On fig. 3 - shows the electrode assembly installed in a heat-insulated cover; in fig. 4 - electrode assembly installed in a heat-insulated cover and placed in a heated volume, for example, a ladle; in fig. 5 - shows the electrode assembly, located on the heat-insulated cover permanently; in fig. 6 shows the electrode assembly placed on the cover with the possibility of movement along the axis; in fig. 7 shows an electrode assembly placed with a drive placed on a separate base; in fig. 8 - shows the working positions of the internal electrode relative to the external; in fig. 9 - shows the operating positions of the electrode assembly during heating of an open volume, for example, a surface, a trough (notch).

The inner electrode consists of cylindrical elements, while the outer electrode consists of hollow elements and a plug. An electrical insulator 3 is placed between the inner and outer electrodes, in which there is a path 4 for supplying protective gas and crushed material into the internal cavity of the heater.

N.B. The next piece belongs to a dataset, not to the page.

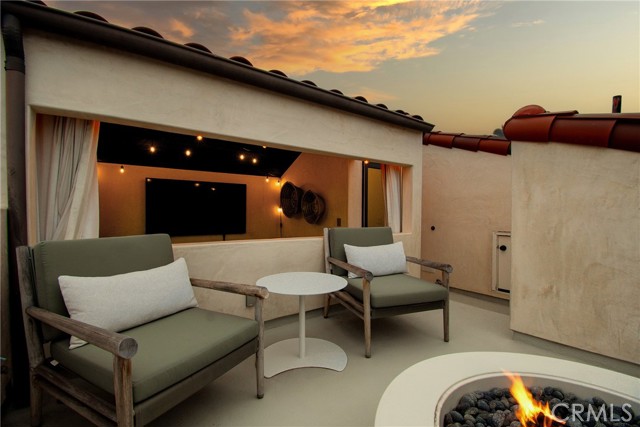 613 Larkspur Avenue, Corona del Mar CA: https://media.crmls.org/medias/c707e74a-ae96-4a4c-9784-33b6654aa9c1.jpg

A plug 5 is installed at the bottom of the outer electrode, which can have different lengths. On the surface of the plug through the supply path of the protective gas and the crushed material, as it is consumed, electrically conductive material can be supplied, incl. - according to the composition of the electrodes matching or close to the material 6. A plasma arc burns between the inner electrode and the bulk material 7. A solenoid 8 is installed in the upper part of the outer electrode, and a heat-insulating spacer 19 can also be installed on the upper part of the outer electrode to reduce the heat flux through the heater to current lead.

The heater can be permanently placed on a heat-insulated cover using a fastening device 16, can be moved using a drive for moving the heater with a stand mounted on the cover 17, and can also be installed in a version with a free-standing stand, and can be moved using a drive placed on a separate basis, pos.18.

The fixation of the inner and outer electrodes is carried out, respectively, with the help of electrode holders 9 and 10, and the movement of the electrodes in the longitudinal direction occurs due to drives 11 and 12.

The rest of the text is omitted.